[Provided material]
[Start of Attachment]

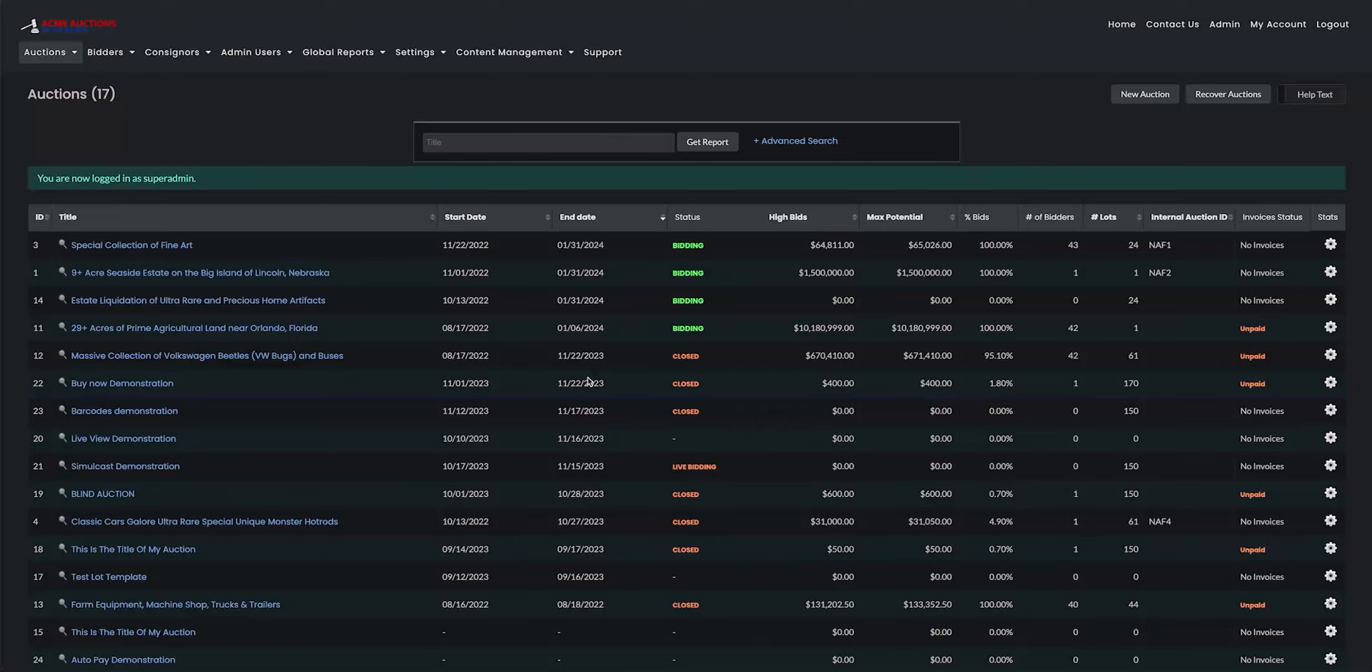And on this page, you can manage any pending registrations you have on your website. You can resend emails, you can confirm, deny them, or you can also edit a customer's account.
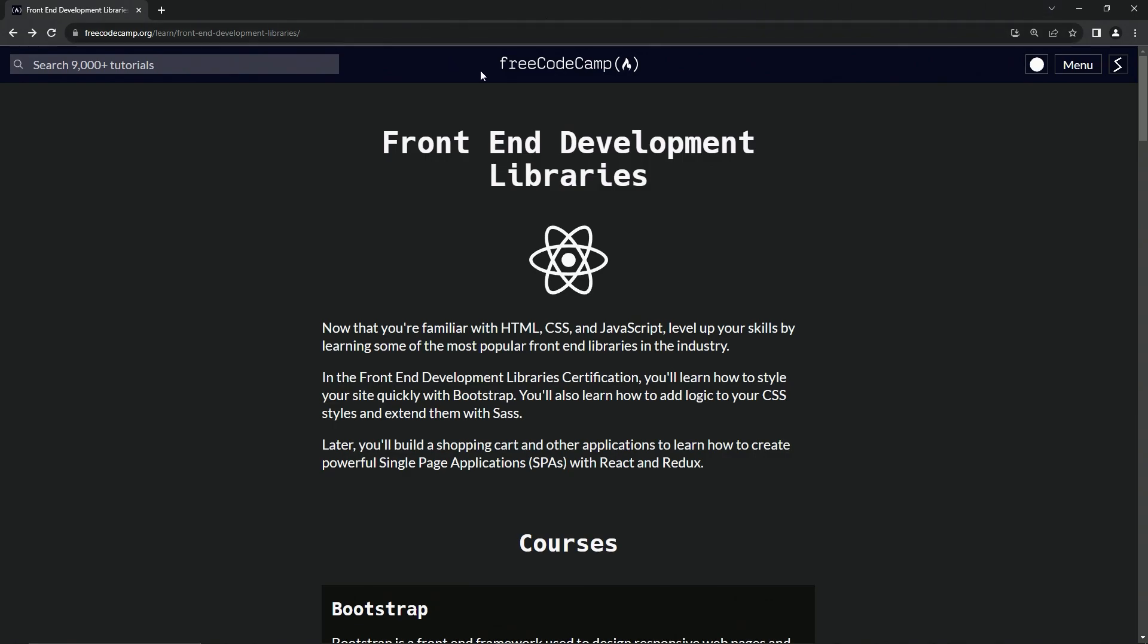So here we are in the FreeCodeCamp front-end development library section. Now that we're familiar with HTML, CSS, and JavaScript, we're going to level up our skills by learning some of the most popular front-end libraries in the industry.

[End of Attachment]
[Start of Attachment]

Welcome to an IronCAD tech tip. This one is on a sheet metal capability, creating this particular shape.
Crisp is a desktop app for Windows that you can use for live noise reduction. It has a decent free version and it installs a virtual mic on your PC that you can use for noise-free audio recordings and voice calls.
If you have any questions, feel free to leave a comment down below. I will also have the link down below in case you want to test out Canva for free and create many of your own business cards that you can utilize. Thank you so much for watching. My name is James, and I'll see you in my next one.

[End of Attachment]

Which lines above run from the one containing "Welcome to an" to the one containing "If you have"? Give them again exactly, both ends included.

[Exercise response]
Welcome to an IronCAD tech tip. This one is on a sheet metal capability, creating this particular shape.
Crisp is a desktop app for Windows that you can use for live noise reduction. It has a decent free version and it installs a virtual mic on your PC that you can use for noise-free audio recordings and voice calls.
If you have any questions, feel free to leave a comment down below. I will also have the link down below in case you want to test out Canva for free and create many of your own business cards that you can utilize. Thank you so much for watching. My name is James, and I'll see you in my next one.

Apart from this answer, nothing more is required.